Depuis des années, les politiciens mexicains s’accordent à dire que le pays doit améliorer ses forces de police civile, souvent corrompues, sous-payées et mal formées, et cesser de s’appuyer sur les forces militaires pour combattre la violence des gangs de trafiquants de drogue. Même Lopez Obrador avait, au début de sa carrière, appelé les soldats à retourner dans les casernes.
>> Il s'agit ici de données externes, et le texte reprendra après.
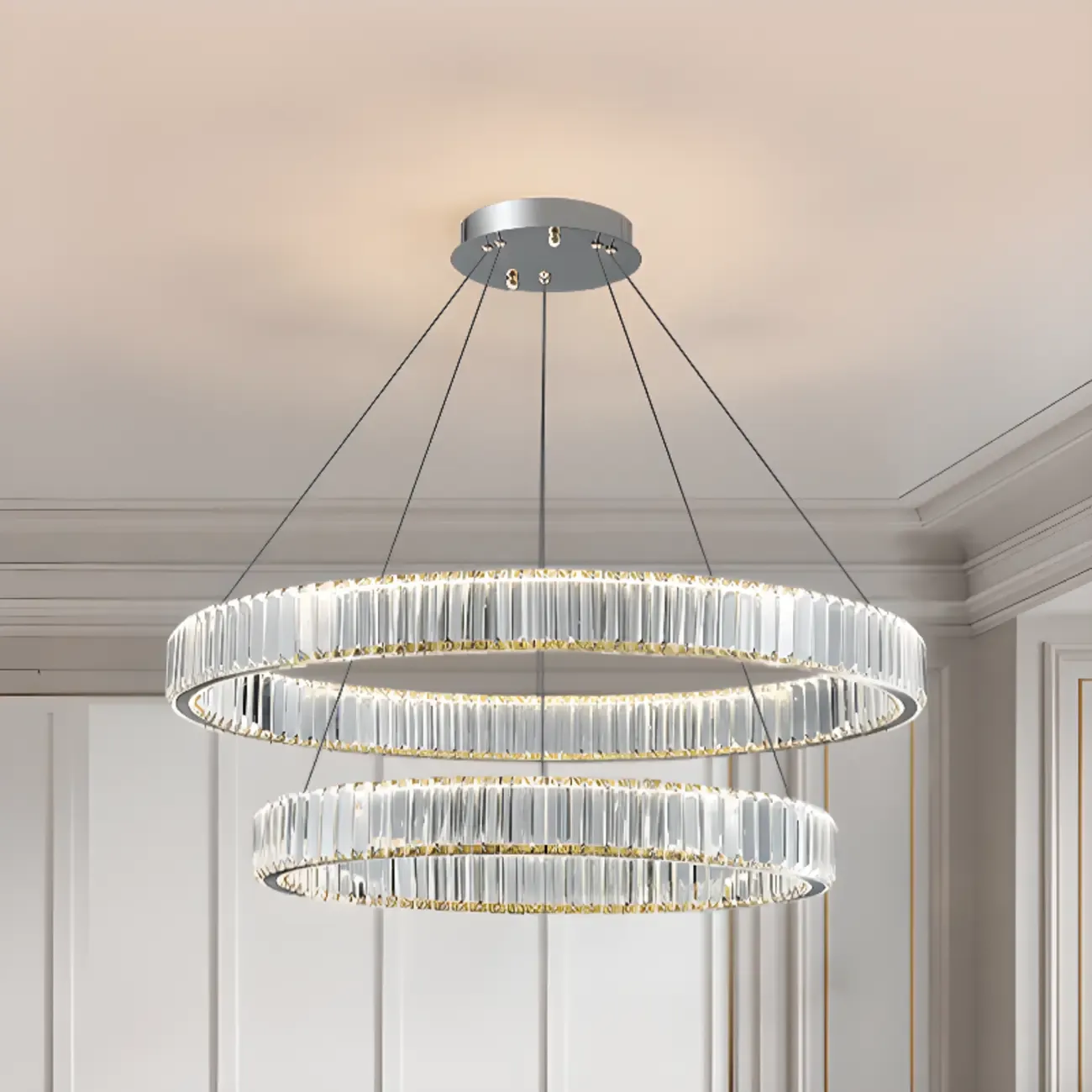 Gold Glass Circular Crystal Modern Chandelier Light Image - 1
Il a ensuite déclaré avoir changé d’avis.
En 2019, le président a dissous l’ancienne police fédérale civile et a promis que la Garde nationale – qui, contrairement aux États-Unis, est entièrement fédérale et n’est jamais commandée par les gouverneurs des États – resterait sous le contrôle du département civil de la sécurité publique.
Mais cela a créé un casse-tête bureaucratique pour les forces armées, qui ont fourni la plupart des officiers de la Garde nationale à partir des rangs de l’armée et des marines ; ces officiers ont conservé leur place dans l’armée et ont été considérés comme prêtés à la nouvelle force.
Lopez Obrador n’a plus assez de voix au Sénat pour modifier une nouvelle fois la constitution – ce qui nécessiterait une majorité des deux tiers – et son parti a donc simplement modifié les lois secondaires régissant la garde par un vote de 71 à 51.
Amnesty International a déclaré que le vote de vendredi « conduira à de nouvelles violations des droits de l’homme. »
« Nous avons déjà vu les résultats désastreux de la militarisation des forces de sécurité publique au Mexique au cours des 16 dernières années », a écrit Edith Olivares Ferreto, directrice d’Amnesty International Mexique, dans un communiqué, faisant référence aux violations des droits et à l’augmentation de la violence.
Sur les plus de 110 000 membres de la Garde nationale, plus de 80 % proviennent de l’armée et de la marine. La Garde nationale ne fonctionne que grâce à la direction militaire qui l’a organisée et aux importantes capacités logistiques de l’armée.
Nada Al-Nashif, Haut Commissaire des Nations Unies aux droits de l’homme, a écrit que « les réformes laissent effectivement le Mexique sans force de police civile au niveau fédéral, et consolident davantage le rôle déjà prépondérant des forces armées dans la sécurité au Mexique. »
Lopez Obrador a répondu avec colère aux critiques formulées vendredi à l’encontre de cette mesure, se disant « surpris par l’attitude de certains législateurs conservateurs, leur niveau d’hypocrisie et de crétinisme. »
Il a balayé les critiques formulées par des groupes extérieurs, déclarant que « les organisations de défense des droits de l’homme et les organisations internationales qui se sont tues comme des complices pendant toute la période de massacres et de torture, et de protection du crime organisé, n’ont jamais rien dit et maintenant elles sont si inquiètes de la militarisation du Mexique ».
Le président a confié aux militaires plus de responsabilités que n’importe quel dirigeant mexicain de mémoire récente en les mettant en charge non seulement de la lutte contre les cartels de la drogue, mais aussi du vol de carburant. Il leur a fait construire un nouvel aéroport pour la capitale et un train touristique sur la péninsule du Yucatan. Il leur a fait construire un nouvel aéroport pour la capitale et un train touristique dans la péninsule du Yucatan. Ils ont construit des agences bancaires dans les zones rurales et ont joué un rôle clé dans la réponse du gouvernement à la pandémie de COVID-19.
Les militaires sont présents dans les rues et jouent un rôle essentiel en matière de sécurité depuis des années, bien avant l’arrivée de Lopez Obrador au pouvoir. Elle a été accusée de violations des droits de l’homme et les Nations Unies ont longtemps demandé qu’elle soit retirée du maintien de l’ordre.
Cependant, ni la Garde nationale ni l’armée n’ont réussi à faire baisser l’insécurité dans le pays.
Les critiques disent que la Garde nationale n’a pas les capacités d’enquête et de renseignement d’une force de police. Ils sont une présence visible lors des patrouilles et répondent à la violence, mais font peu pour la prévenir.